The Dick­sons had lived in Kuwait for so long that re­turn­ing to Eng­land at their age was a some­what alarm­ing prospect. Events in Kuwait, how­ever, were to re­lieve them of their wor­ries. Seep­ages of crude oil in the south­ern desert had at­tracted the at­ten­tion of Bri­tish Petroleum. With his knowl­edge of Ara­bic and his con­tact with Sheikh Ahmed, Colonel Dick­son was promptly of­fered a post as Li­ai­son Of­fi­cer be­tween the newly es­tab­lished Kuwait Oil Com­pany and the Bri­tish Agency. Need­less to say, he jumped at the chance and, once more, he and his wife, Vi­o­let, re­turned to the old Agency build­ing on the sea front that held so many fond mem­o­ries.

By that time, trial wells were al­ready dug in North Kuwait in the search for oil. The re­sults, how­ever, were un­pro­duc­tive and dis­heart­en­ing. It was in 1937 that Colonel Dick­son had a vivid dream. In it, he saw a young girl ris­ing from a stone tomb in the desert be­side a lone Sidr tree. When a crowd of men ap­peared, Colonel Dick­son beat them off and he and his wife took her into their care.

It so hap­pened that a lone Sidr tree grew in South Kuwait in an area called Bur­gan. It was a fa­mous land­mark and it was there that oil was found in vast quan­ti­ties.

With the dis­cov­ery of oil, Kuwait changed al­most overnight.

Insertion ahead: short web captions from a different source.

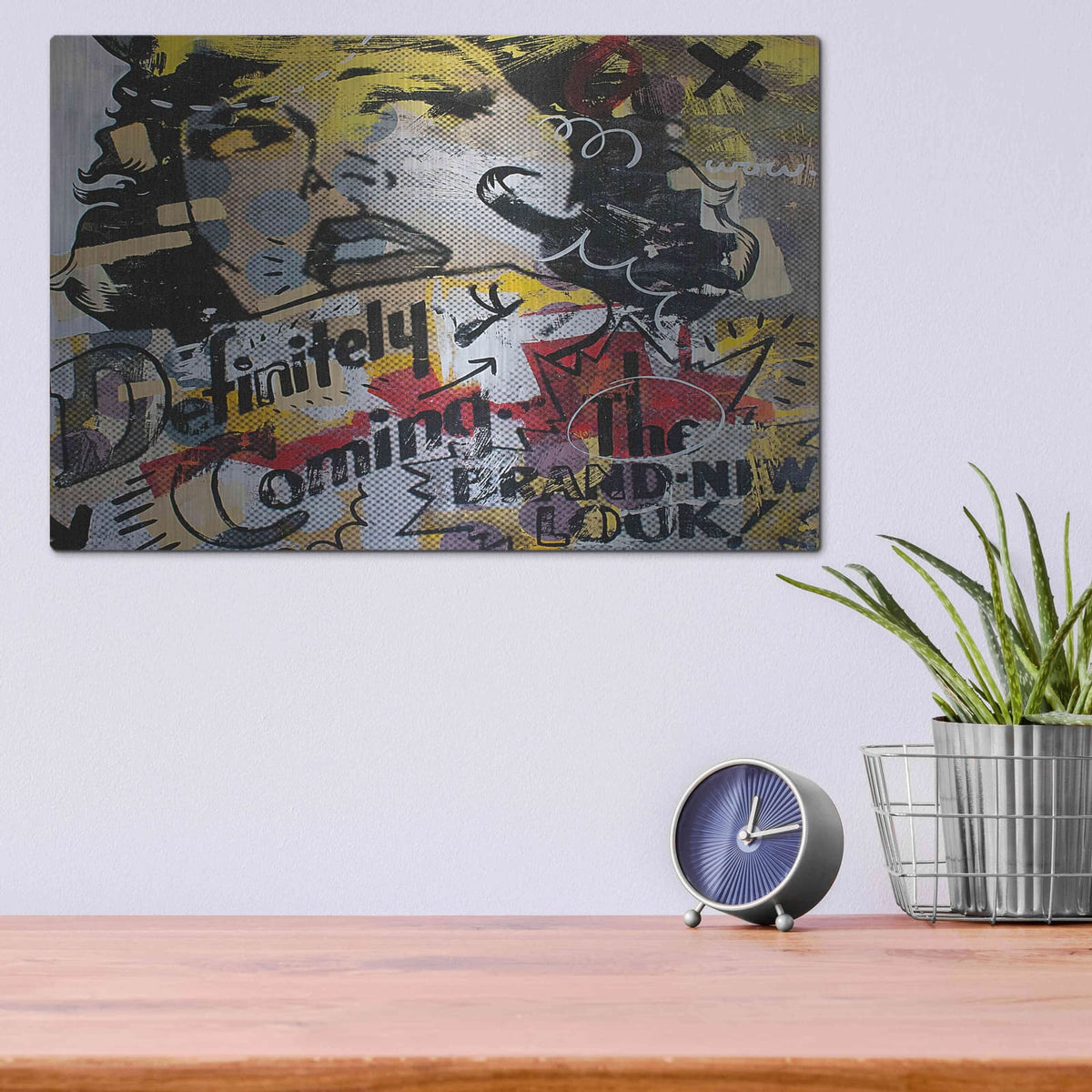 'New Look 1' by Dan Monteavaro – Metal Wall Art, 16x12 room view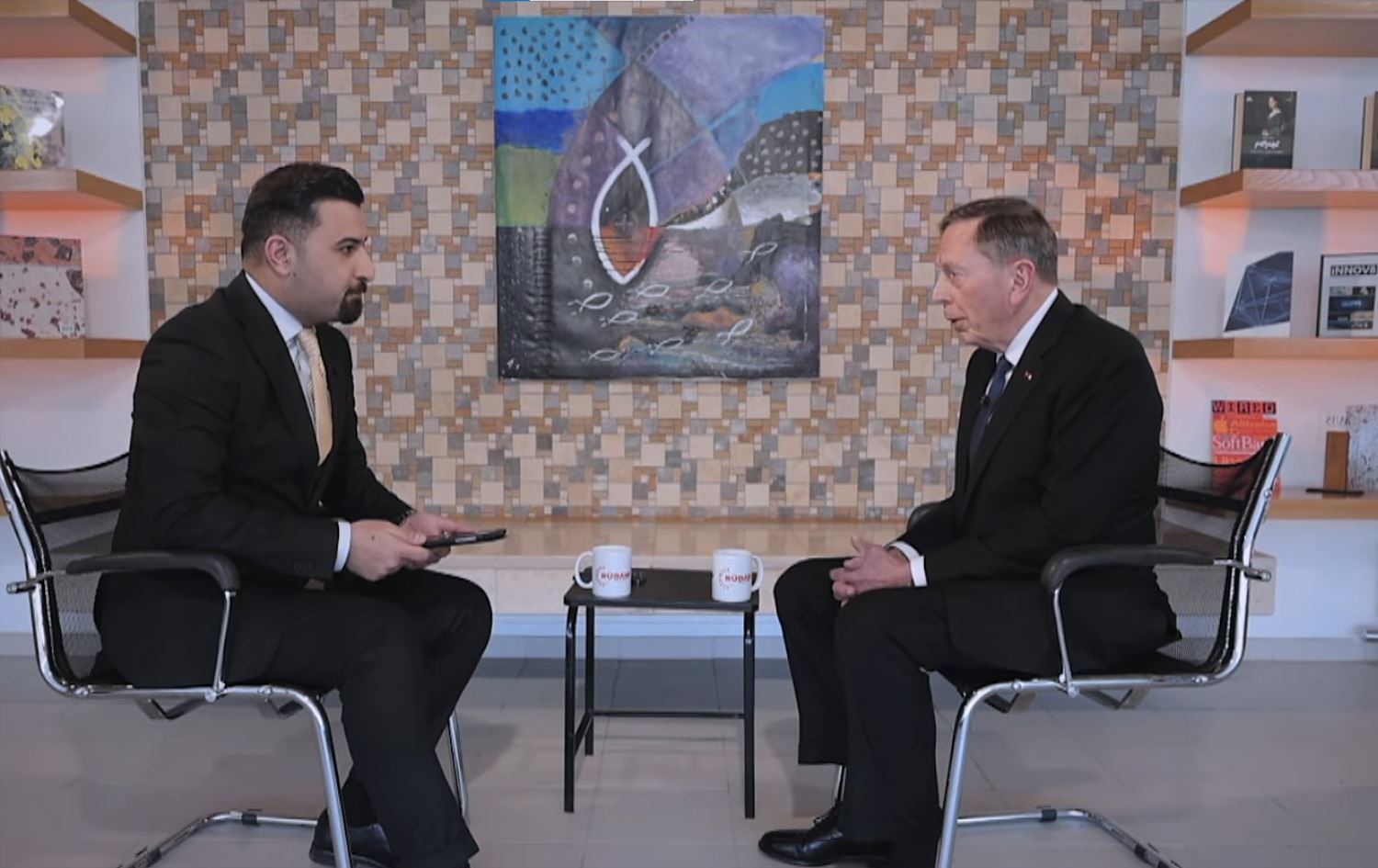David Petraeus bû mêvanê Rûdawê / Wêne: Ji ber dîmenan, Rûdaw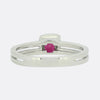 Ruby and Diamond Cluster Ring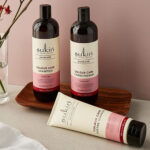 Set of Sukin shampoo, conditioner and hair treatment.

The old or­der slipped, al­most un­no­ticed, into the back­ground as wave upon wave of for­eign­ers ar­rived to ben­e­fit from Kuwait’s wealth and pros­per­ity.

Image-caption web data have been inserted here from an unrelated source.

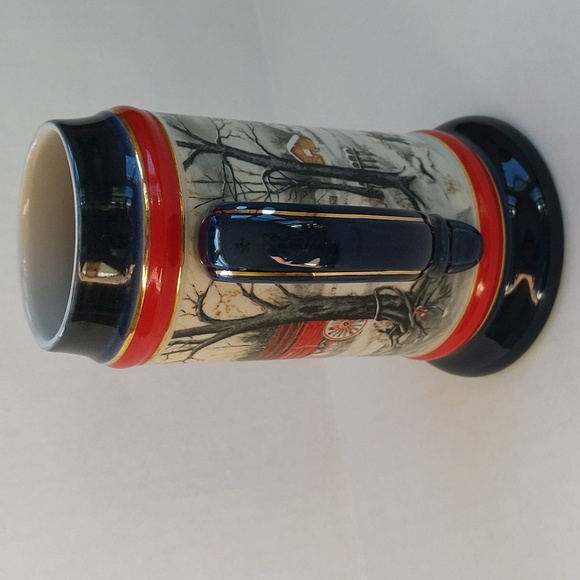 Vintage 1990 Budweiser Handcrafted Clydesdale Stein Beer Mug w/Handle - Picture 15 of 15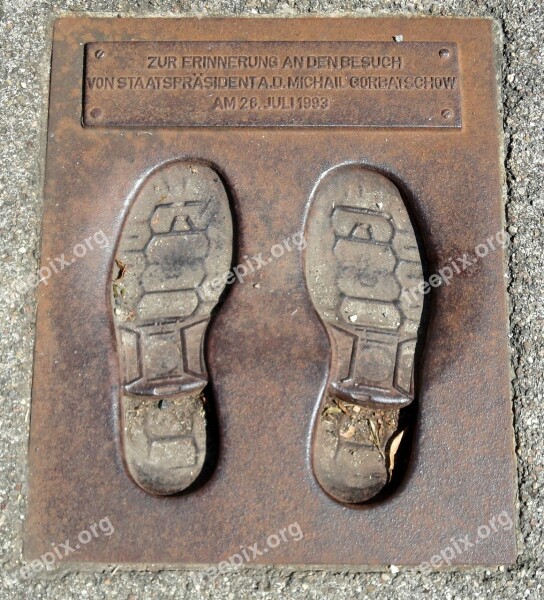 Denkendorf Michail Gorbachev Footprints Partner City Moscow Monument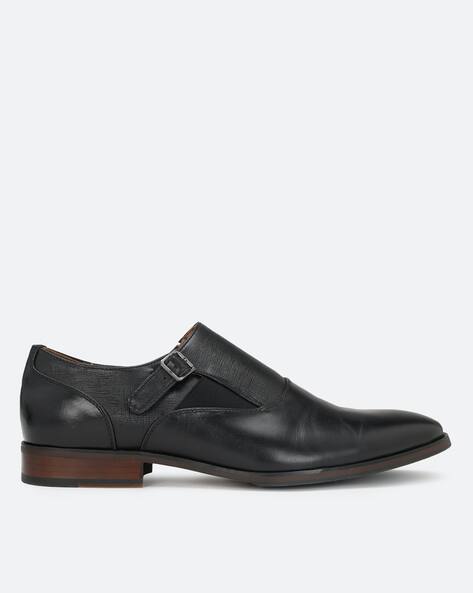 Leather Monks Formal Shoes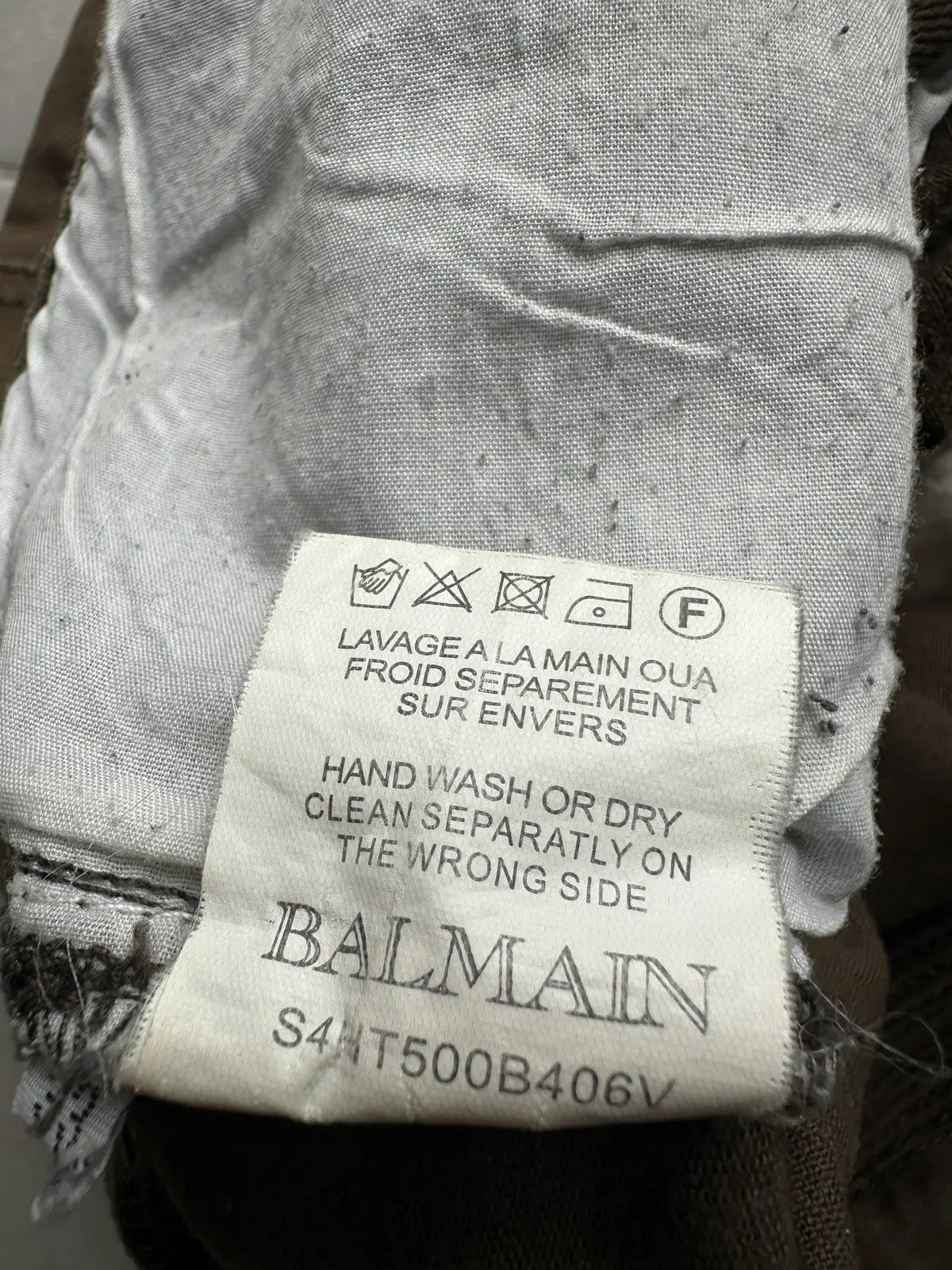 Balmain Homme SS14 cargo biker denim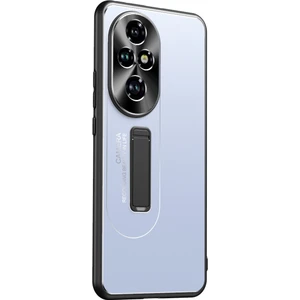 Honor 200 Pro Için Buzlu Metal Hibrit Tpu Telefon Kılıfı (Yurt Dışından)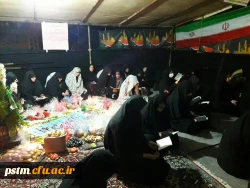 مراسم شب تدفین شهید گمنام در کنار مزار آن شهید 2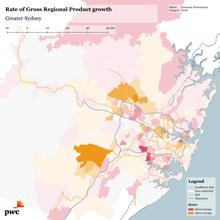 Parts of Greater Western Sydney contribute significantly to economic performance (with Leppington, Parramatta, Baulkham Hills and Parklea forming an economically productive arc), and a substantial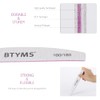 BTYMS 50 Piezas Limas de Uñas de Grano 100/180 -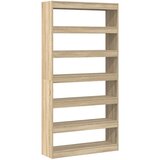  Knjižna polica Sonoma Oak Inženirski les 100 x 30 x 198 cm Police, (22094689) | Shoptok.si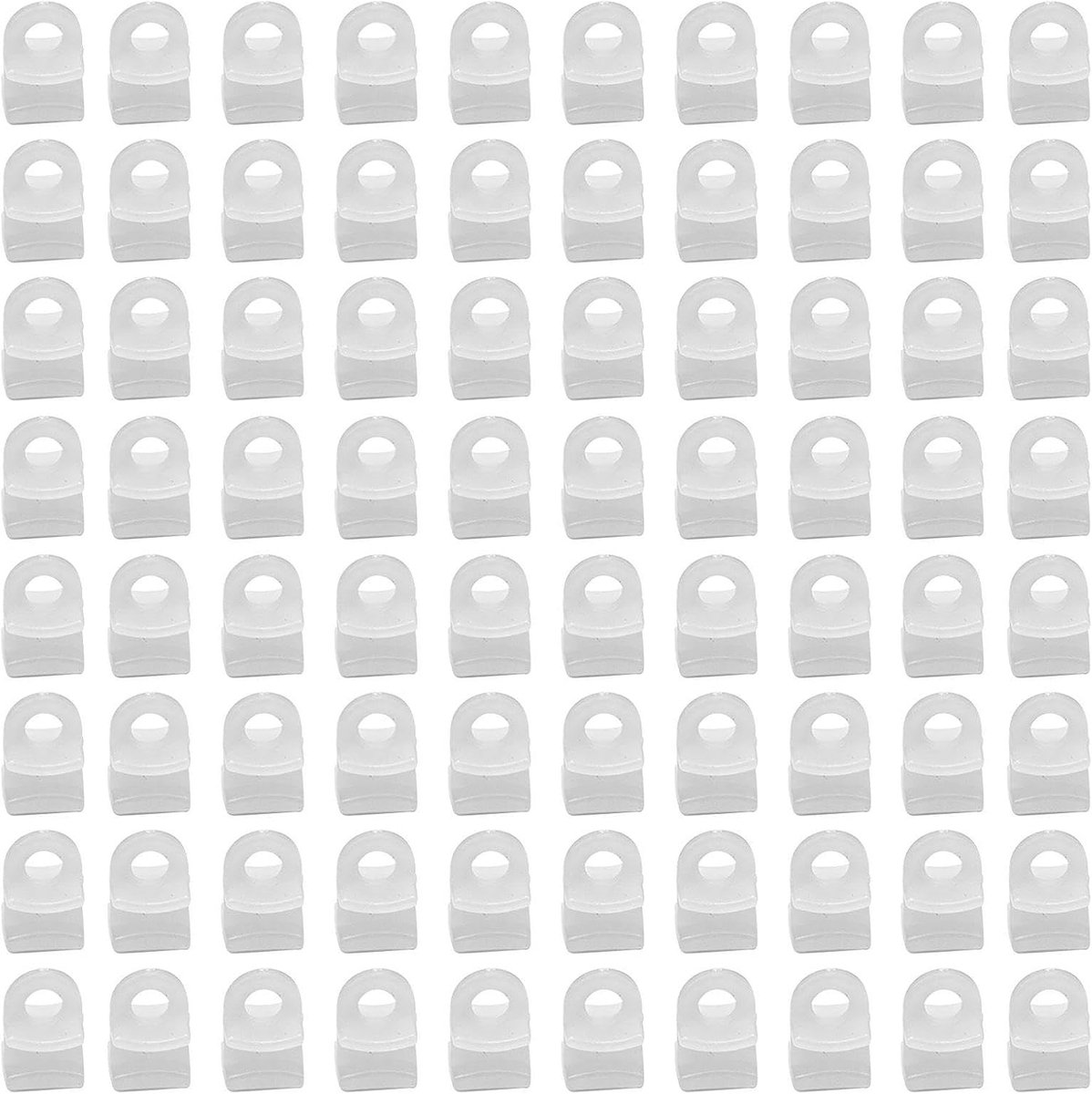 80 Pieces White Curtain Rollers, Curtain Track Hook Accessories, Pulley Buckles, Suitable for Shower Rooms, Balconies - ShopVlot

Sadly, Colonel Dick­son died of throm­bo­sis in 1959. Vis­i­tors to the Dick­son House will no­tice the slop­ing ramp in the back yard that was built to al­low his wheel­chair ac­cess to the ve­ran­dah. He was buried in the Chris­tian ceme­tery in Ah­madi but now lies in the grounds of the Bri­tish Em­bassy that was once his home.

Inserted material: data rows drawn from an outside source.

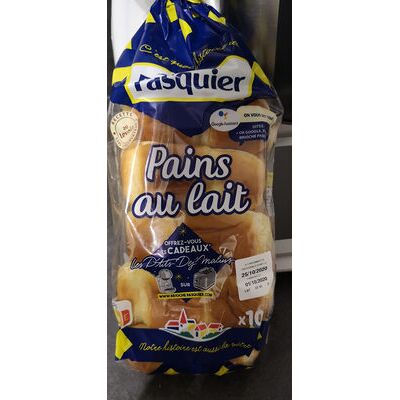 Pains au lait au levain (Pasquier)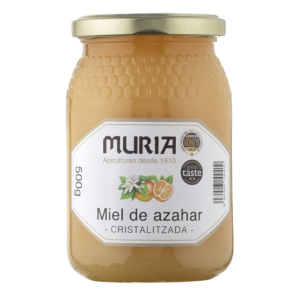 Miel
  de Azahar Cruda 500 gr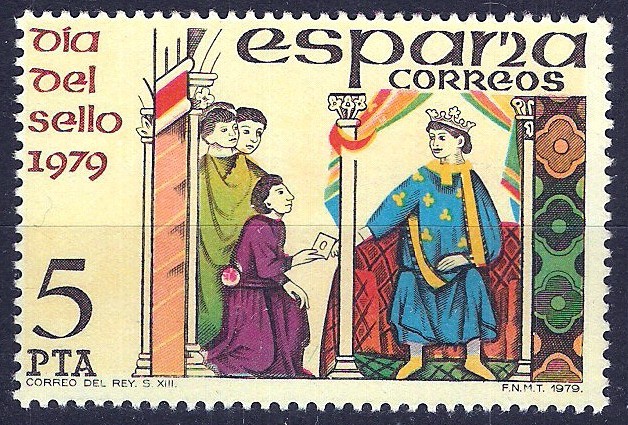 2526 Día del sello, Correo del Rey, siglo XIII.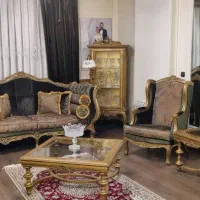 مبل استیل خیلی نو با نهارخوری 8 نفره|مبلمان خانگی و میز عسلی|تهران, آجودانیه|دیوار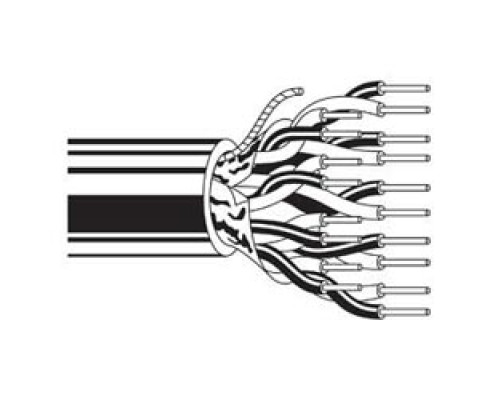 BELDEN  9327 0601000               Multi-Conductor - Audio, Control and Instrumentation Cable 54 22 AWG PVC Shield PVC Chrome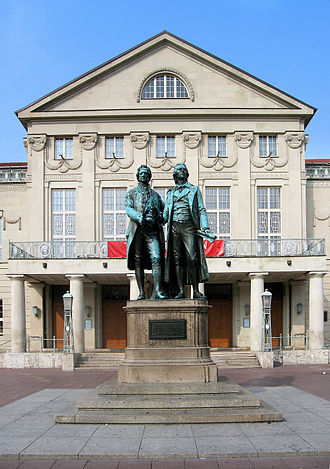 National Theater, Goethe and Schiller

Vi­o­let Dick­son, how­ever, lived on in the old house on the sea front and, in Septem­ber 1976, was awarded the D.B.E. As time passed, many of her friends left Kuwait to the ex­tent that by the 1980s she was old and very much alone. I was one of a group of Bri­tish ladies, or­ga­nized by Mrs Archie Hinch­cliffe, the wife of the then Bri­tish Am­bas­sador, H.E. Peter Hinch­cliffe, who took it in turns to sit with Dame Vi­o­let in the morn­ing.

In March 1990, I had a tele­phone call from Dame Vi­o­let’s but­ler. He was ex­tremely up­set. Could I come quickly as Madame was very ill. I ar­rived at the house in a mat­ter of min­utes and found Dame Vi­o­let slumped in her chair. She was con­scious but un­able to speak prop­erly, hav­ing suf­fered a stroke. That af­ter­noon, she was trans­ferred to the Ah­madi Hospi­tal and, sadly, was never to re­turn to the old house on the sea front.

Af­ter con­sul­ta­tions with her son and daugh­ter in Eng­land, it had been de­cided that, when she died, her body would be buried in the grounds of the Bri­tish Em­bassy. She was very ill and still hos­pi­talised when Iraq in­vaded Kuwait on Aug 2, 1990.

Dame Vi­o­let was a pas­sen­ger on the last flight out of Kuwait on Sept 22, 1990. On her ar­rival, she was ad­mit­ted to a nurs­ing home in Gor­ing-on-Thames where she died, with her fam­ily around her. She is buried in the ceme­tery of the vil­lage church at South Stoke near Read­ing.

Her tomb­stone marks a lit­tle piece of Eng­land that will for­ever be Kuwait.